YOUR ASSIGNMENT: Filter these entries down to lines holding "Avenida".

DATA RECORDS:
+++++

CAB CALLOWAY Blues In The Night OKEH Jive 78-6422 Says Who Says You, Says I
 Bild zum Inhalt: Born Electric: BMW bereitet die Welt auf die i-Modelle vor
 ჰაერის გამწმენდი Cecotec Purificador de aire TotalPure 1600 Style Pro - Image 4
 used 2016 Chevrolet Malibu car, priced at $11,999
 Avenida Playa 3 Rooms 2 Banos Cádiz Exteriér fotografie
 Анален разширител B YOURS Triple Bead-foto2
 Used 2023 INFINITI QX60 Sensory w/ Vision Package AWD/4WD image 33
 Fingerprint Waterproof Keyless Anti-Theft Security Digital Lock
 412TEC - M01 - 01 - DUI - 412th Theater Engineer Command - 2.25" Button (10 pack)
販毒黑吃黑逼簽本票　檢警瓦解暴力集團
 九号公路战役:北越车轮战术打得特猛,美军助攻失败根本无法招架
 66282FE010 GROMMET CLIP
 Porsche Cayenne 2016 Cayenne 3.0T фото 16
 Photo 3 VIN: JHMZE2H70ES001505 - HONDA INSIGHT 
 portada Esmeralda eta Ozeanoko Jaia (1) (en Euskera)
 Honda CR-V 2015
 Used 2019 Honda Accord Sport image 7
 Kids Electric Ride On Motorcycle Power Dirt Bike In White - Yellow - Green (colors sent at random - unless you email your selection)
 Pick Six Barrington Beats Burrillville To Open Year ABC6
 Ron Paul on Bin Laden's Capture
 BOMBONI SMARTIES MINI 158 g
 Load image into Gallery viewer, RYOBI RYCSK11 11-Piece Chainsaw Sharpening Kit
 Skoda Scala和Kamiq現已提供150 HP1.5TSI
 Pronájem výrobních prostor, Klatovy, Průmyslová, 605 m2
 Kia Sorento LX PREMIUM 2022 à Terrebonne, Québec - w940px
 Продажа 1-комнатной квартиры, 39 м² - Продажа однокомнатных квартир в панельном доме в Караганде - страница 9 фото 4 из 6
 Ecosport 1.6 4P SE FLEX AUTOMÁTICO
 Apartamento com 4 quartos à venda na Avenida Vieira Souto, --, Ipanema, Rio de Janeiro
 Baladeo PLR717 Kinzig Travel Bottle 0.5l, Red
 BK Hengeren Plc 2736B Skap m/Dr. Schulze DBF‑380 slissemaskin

+++++

ANSWER SPACE:
 Avenida Playa 3 Rooms 2 Banos Cádiz Exteriér fotografie
 Apartamento com 4 quartos à venda na Avenida Vieira Souto, --, Ipanema, Rio de Janeiro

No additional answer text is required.